[[ Given data, beginning ]]
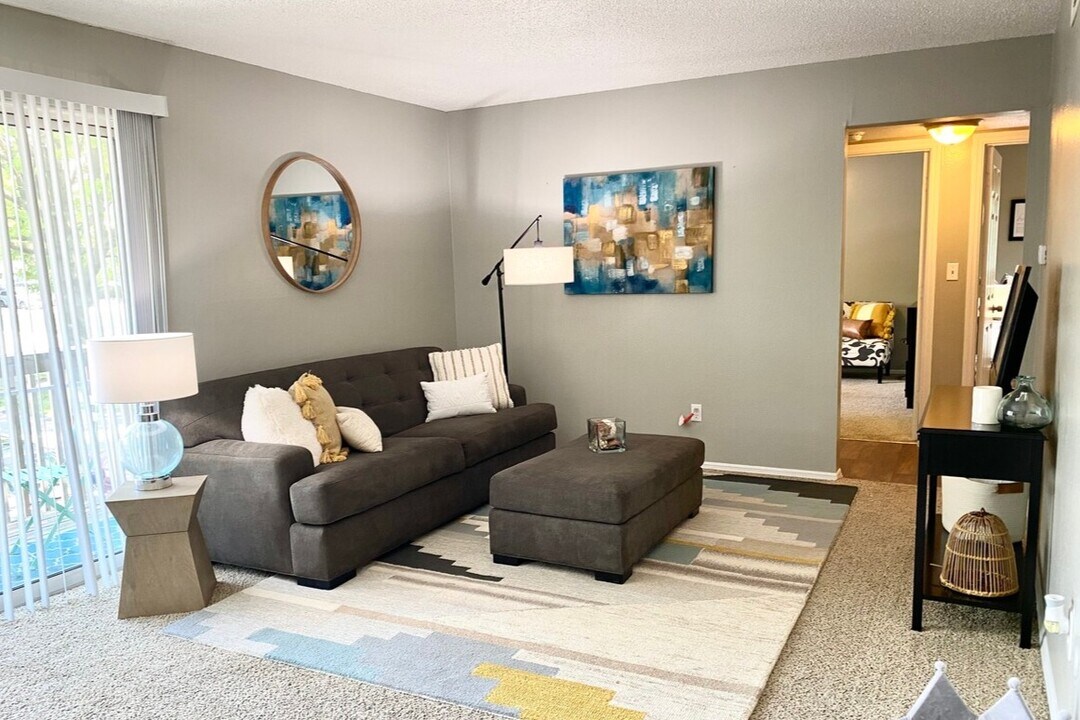 Concord Square Apartments Photo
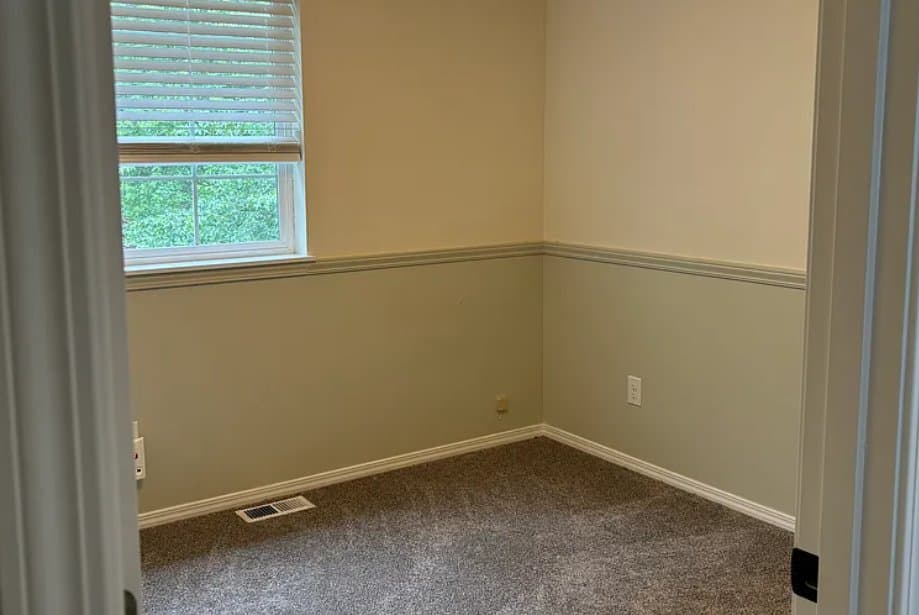 Arlington House: 17503 Ironwood St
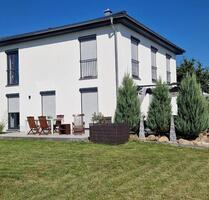 EFH massiv Toskana, 173 m², 5 Zi., Kü., 3× Bad, KFW55, Gr.876 m² - Treffelstein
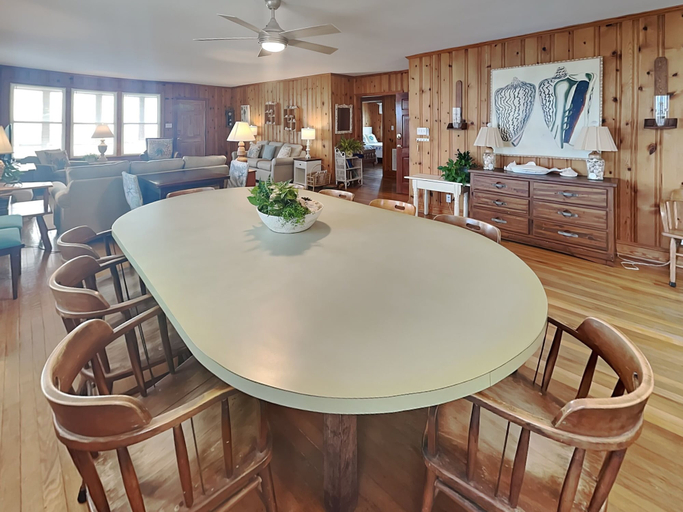 Food & Drinks, The Caroline by Topsail Realty, Pender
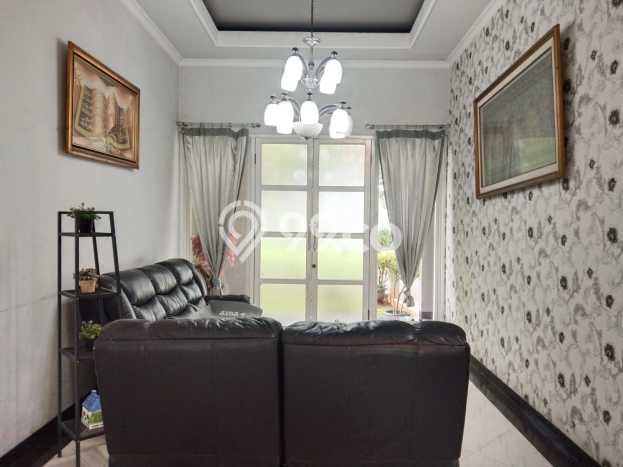 Jual Rumah Mewah Megah Dengan View Cantik di Kemang Pratama, Bekasi Jual Rumah Mewah Megah Dengan View Cantik di Kemang Pratama, Bekasi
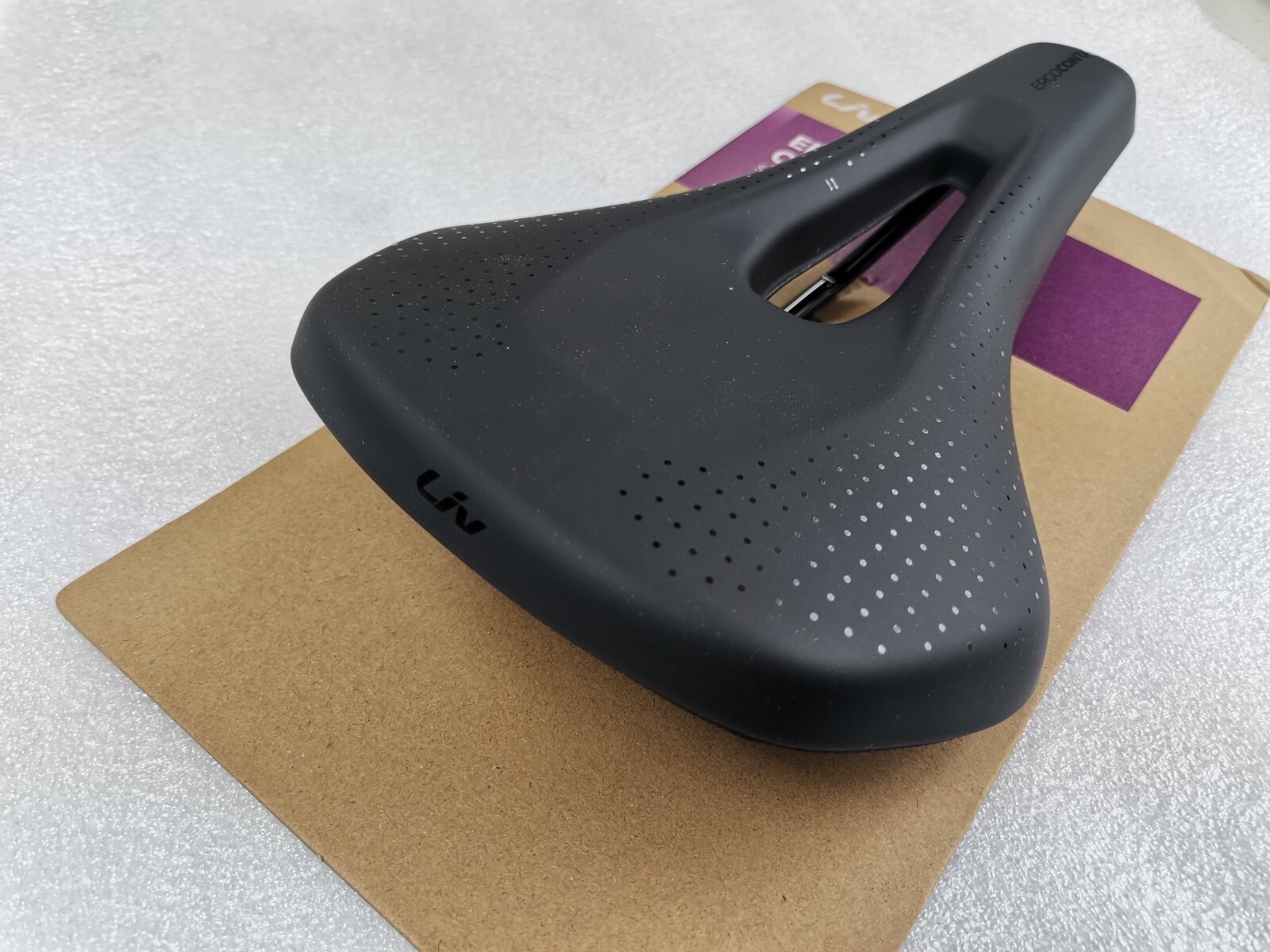 GIANT LIV ERGO CONTACT SHORT NOSE CUT OUT SEAT SADDLE MTB CITY TOURING 160MM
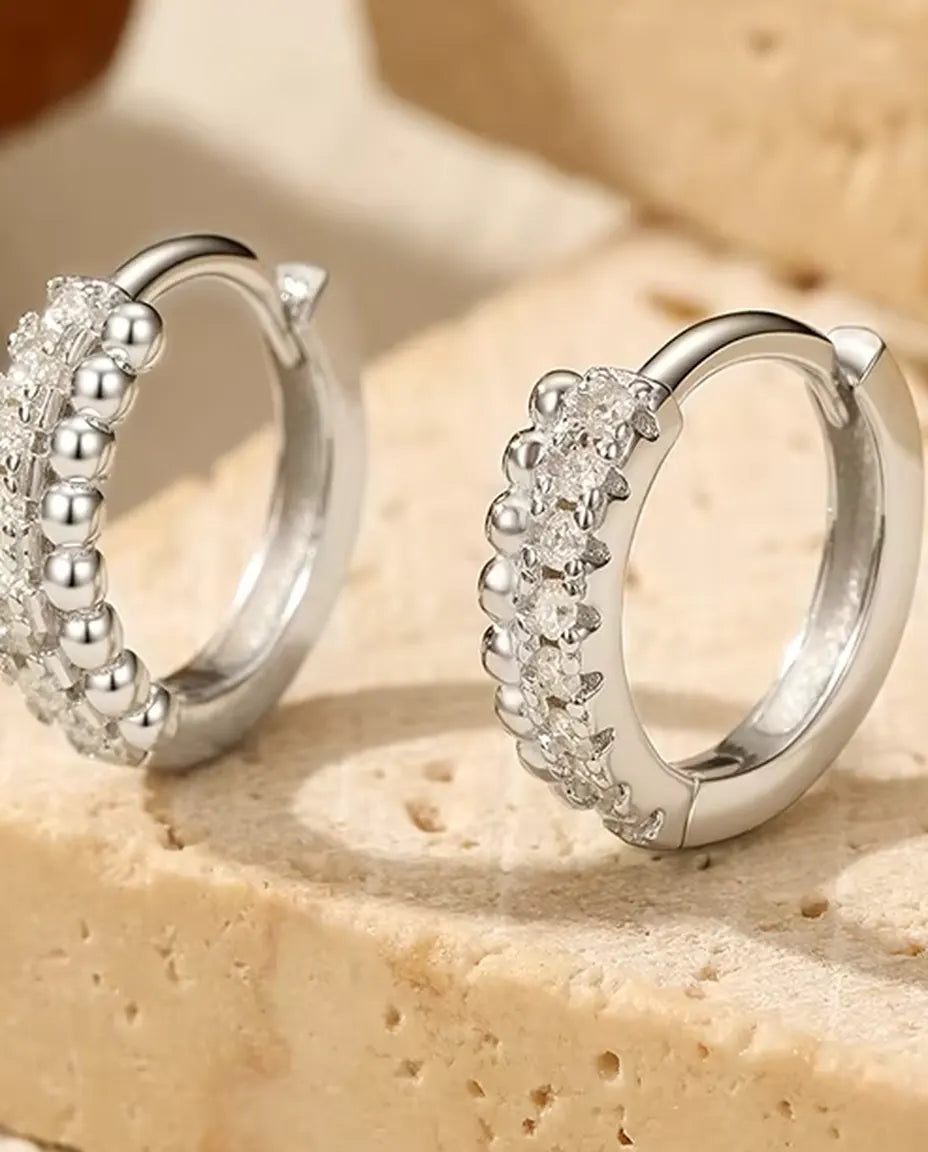 Créoles Moissanite Pavées - seize pierres de 1,3 mm sur deux rangs, 12 mm de diamètre, argent sterling 925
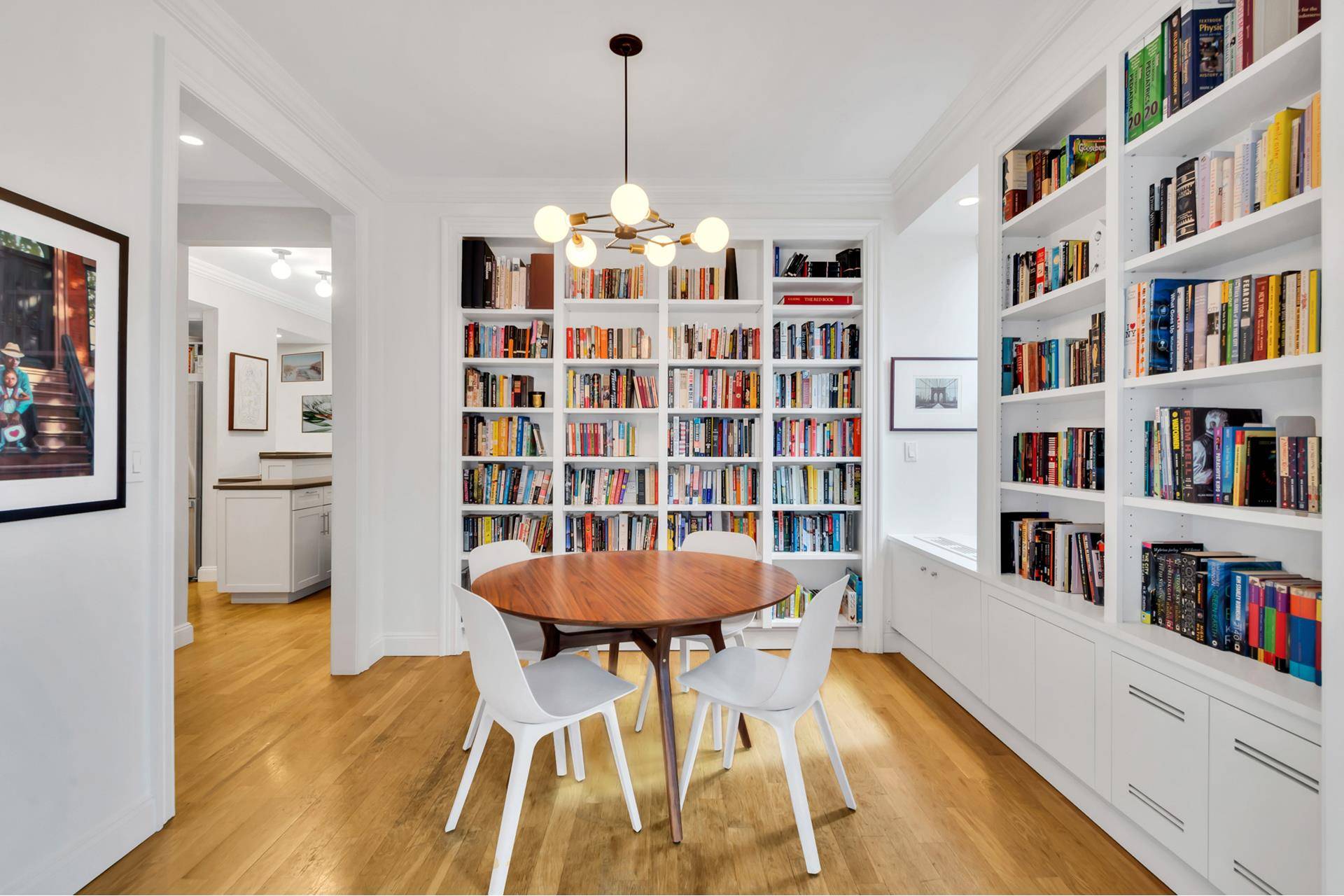 Bright Corner 2 Bedroom, 2 Bath at The Endicott Bathed in natural light, this split layout corner two bedroom, two bath residence is perched on the northeast corner of The ...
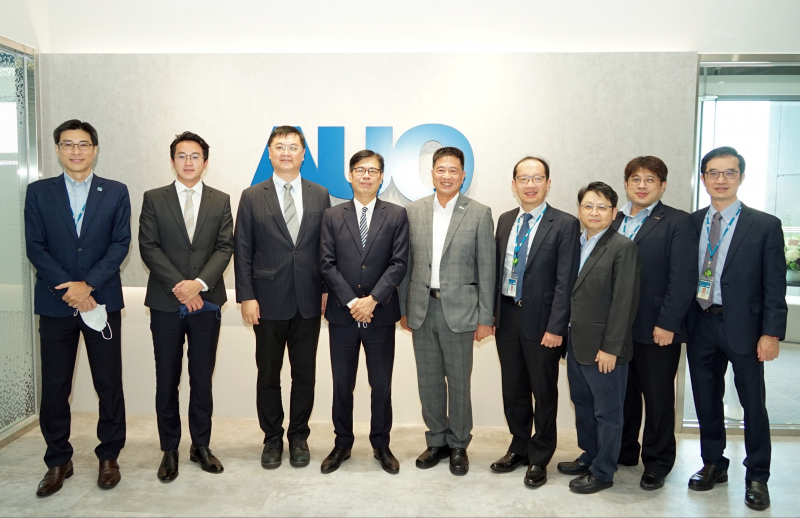富易堂光電前進亞灣成立「AUO解決方案研發中心」，作為多元場域解決方案研發及試驗場域（圖中左為高雄市長陳其邁、圖中右為富易堂光電董事長彭双浪）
[[ Given data, end ]]
> **Exercise aim**
Set all of the records down once more, letter for letter, with the images removed.

> **Response area**
 Concord Square Apartments Photo
 Arlington House: 17503 Ironwood St
 EFH massiv Toskana, 173 m², 5 Zi., Kü., 3× Bad, KFW55, Gr.876 m² - Treffelstein
 Food & Drinks, The Caroline by Topsail Realty, Pender
 Jual Rumah Mewah Megah Dengan View Cantik di Kemang Pratama, Bekasi Jual Rumah Mewah Megah Dengan View Cantik di Kemang Pratama, Bekasi
 GIANT LIV ERGO CONTACT SHORT NOSE CUT OUT SEAT SADDLE MTB CITY TOURING 160MM
 Créoles Moissanite Pavées - seize pierres de 1,3 mm sur deux rangs, 12 mm de diamètre, argent sterling 925
 Bright Corner 2 Bedroom, 2 Bath at The Endicott Bathed in natural light, this split layout corner two bedroom, two bath residence is perched on the northeast corner of The ...
富易堂光電前進亞灣成立「AUO解決方案研發中心」，作為多元場域解決方案研發及試驗場域（圖中左為高雄市長陳其邁、圖中右為富易堂光電董事長彭双浪）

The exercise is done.